MES and APS: separate or united?

APS, Advanced Planning & Scheduling, is own software category like ERP or MES. APS covers strategic, tactical and operational planning. The last, operational use case, is many times seen as the core of APS. Here planning is daily based finite capacity planning and scheduling. Target is to produce feasible plans to minimize excessive inventories and cut down radically order lead times. There are plenty of APS systems providers you may find by googling: type e.g. Advanced Planning and Scheduling software. The main competitor of APS is what else – corporate own precious Excel.

MES, on the other hand is for executing, controlling and monitoring. There are MES software without any planning functionality and then there are MES software which has finite capacity scheduling functionality. The functionality is not that rich as with pure APS software. In yearly “MES Product Survey” by CGI the proportion of FCS functionality with MES software is increasing. As MES is transactional software, it will be quite challenging to implement all rich planning features within MES context. Planning and scheduling requires simulations of different scenarios and should not automatically effect to execution.

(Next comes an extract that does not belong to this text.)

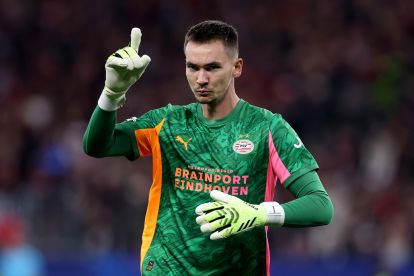 LEVERKUSEN, GERMANY - OCTOBER 01: Goalkeeper Matej Kovar of Eindhoven reacts during the UEFA Champions League 2025/26 League Phase MD2 match between Bayer 04 Leverkusen and PSV Eindhoven at BayArena on October 01, 2025 in Leverkusen, Germany. (Photo by Lars Baron/Getty Images)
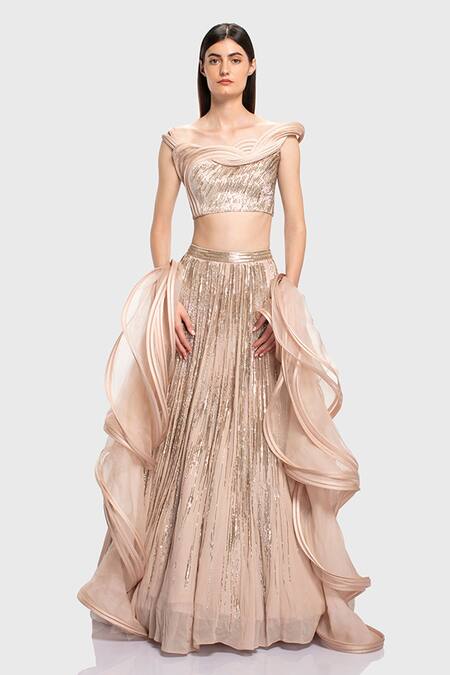 Gaurav Gupta Beige Silk Georgette Embellished Lehenga Set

When integrating MES and APS systems tightly together (close loop) will open up the gate way to truth “Real-Time Enterprise”. All rich APS functionalities are in use without any limitations. If APS system supports multi-site planning and industrial internet, the whole supply chain can be planned, executed and monitored with real-time fashion – globally without geographical restrictions. An example: when operation (work phase) in China is started a planner in US can see in real-time progressing of an order. Also a salesman can log in the MES/APS application via internet and browse when an order will be shipped to her/his customer – no phone calls, no emails. Note: salesman can’t plan of course. This is restricted by role-based attributes.